**DATASET CONTENT:**

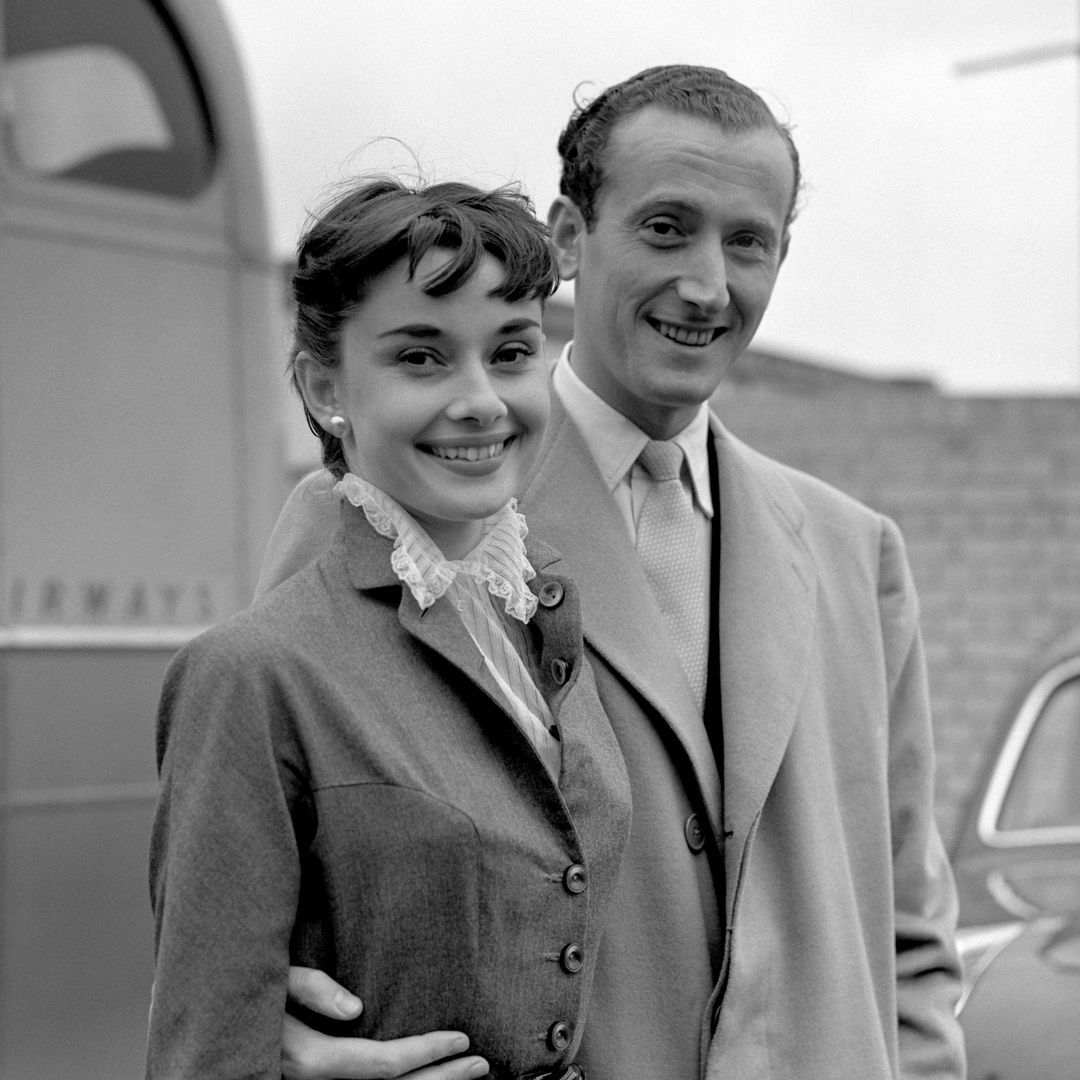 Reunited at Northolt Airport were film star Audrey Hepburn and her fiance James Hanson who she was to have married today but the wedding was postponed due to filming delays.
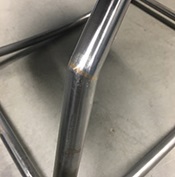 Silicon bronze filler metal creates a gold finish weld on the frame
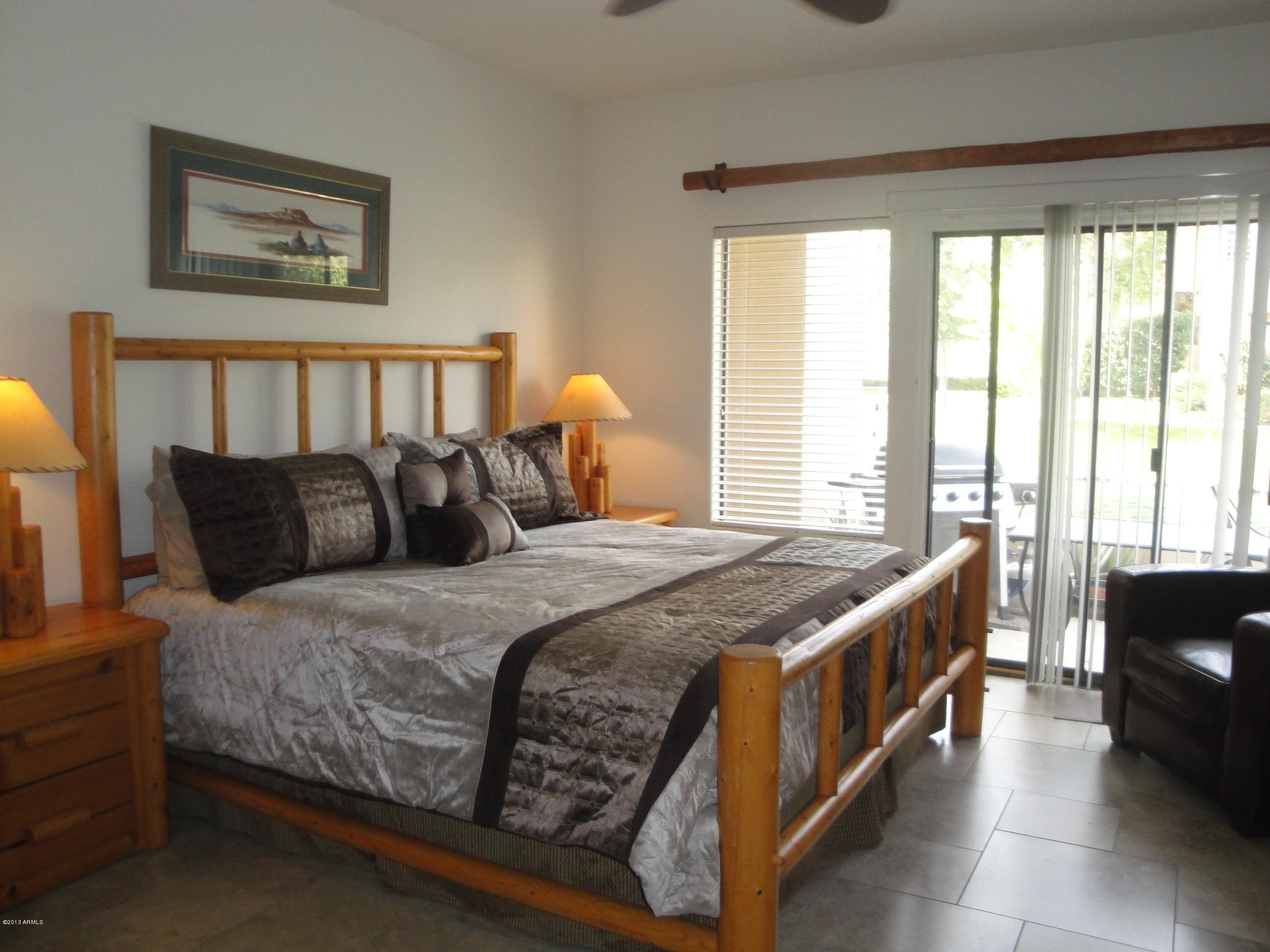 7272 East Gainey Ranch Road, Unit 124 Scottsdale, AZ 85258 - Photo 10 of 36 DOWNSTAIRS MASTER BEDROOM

**PROBLEM:**
Everything in the listing above except the pictures should be duplicated exactly.

**EXERCISE OUTPUT:**
 Reunited at Northolt Airport were film star Audrey Hepburn and her fiance James Hanson who she was to have married today but the wedding was postponed due to filming delays.
 Silicon bronze filler metal creates a gold finish weld on the frame
 7272 East Gainey Ranch Road, Unit 124 Scottsdale, AZ 85258 - Photo 10 of 36 DOWNSTAIRS MASTER BEDROOM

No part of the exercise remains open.